# [Data extract]
·····

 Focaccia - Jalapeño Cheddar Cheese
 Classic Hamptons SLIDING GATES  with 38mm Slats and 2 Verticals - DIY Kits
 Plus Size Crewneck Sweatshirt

·····

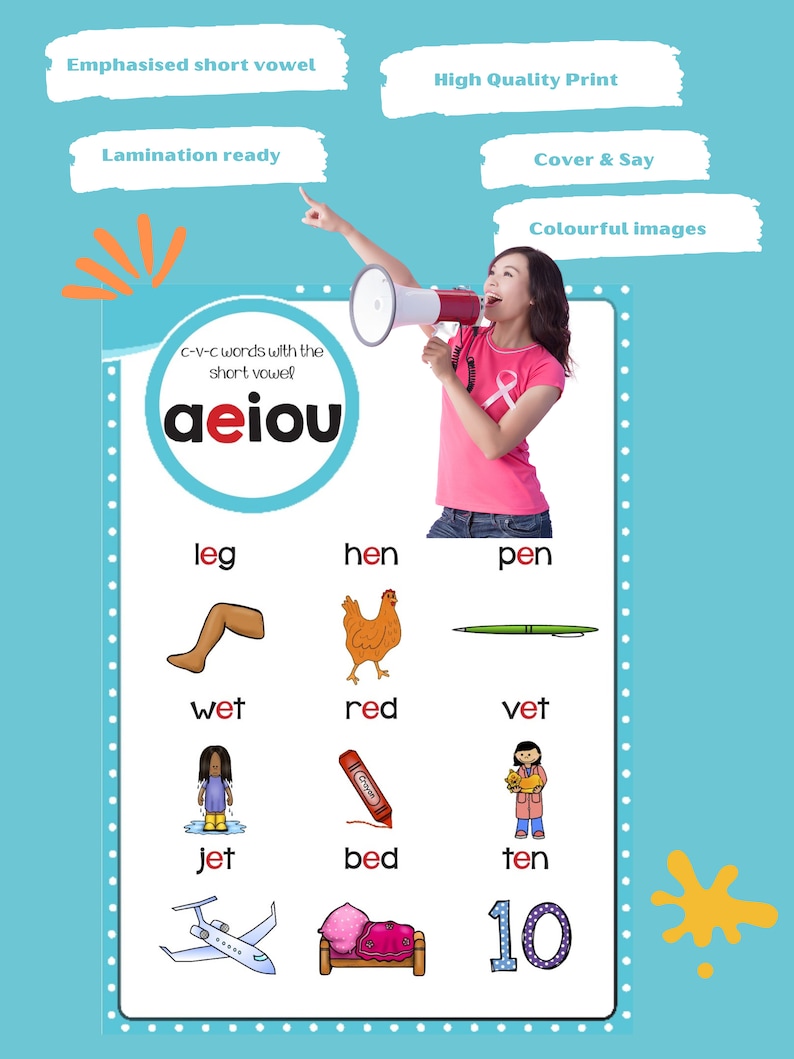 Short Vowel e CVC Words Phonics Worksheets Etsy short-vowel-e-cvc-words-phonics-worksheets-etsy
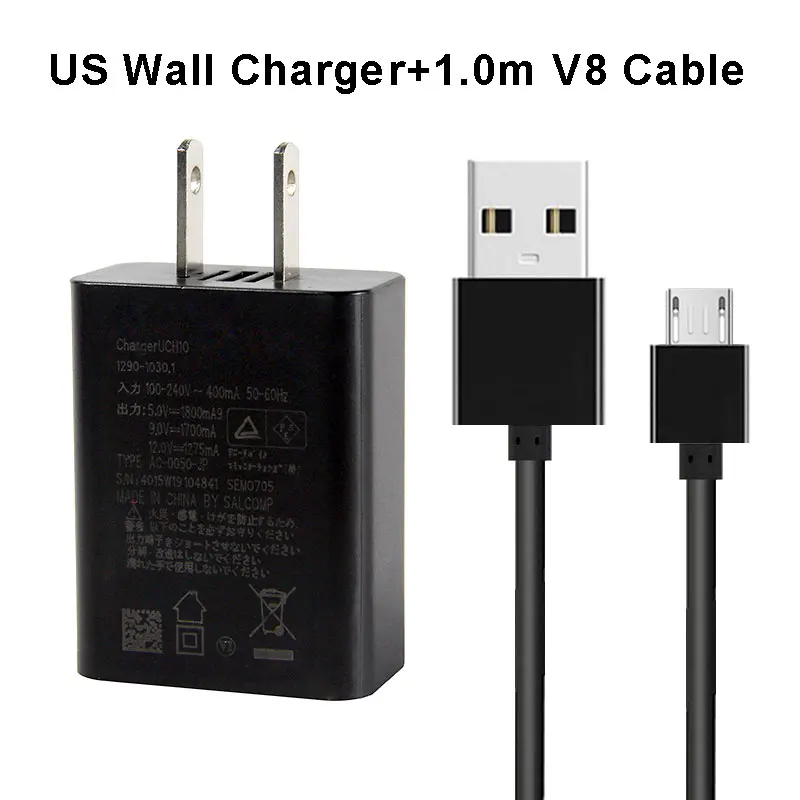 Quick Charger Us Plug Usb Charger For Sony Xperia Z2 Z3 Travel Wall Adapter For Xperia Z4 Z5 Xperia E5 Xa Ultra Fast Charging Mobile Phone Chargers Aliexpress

·····

# [Work required]
Take the entries above and return only the lines from the one with "Classic Hamptons SLIDING" to the one with "Plus Size Crewneck Sweatshirt", both included, unchanged.

# [Answer for this exercise]
 Classic Hamptons SLIDING GATES  with 38mm Slats and 2 Verticals - DIY Kits
 Plus Size Crewneck Sweatshirt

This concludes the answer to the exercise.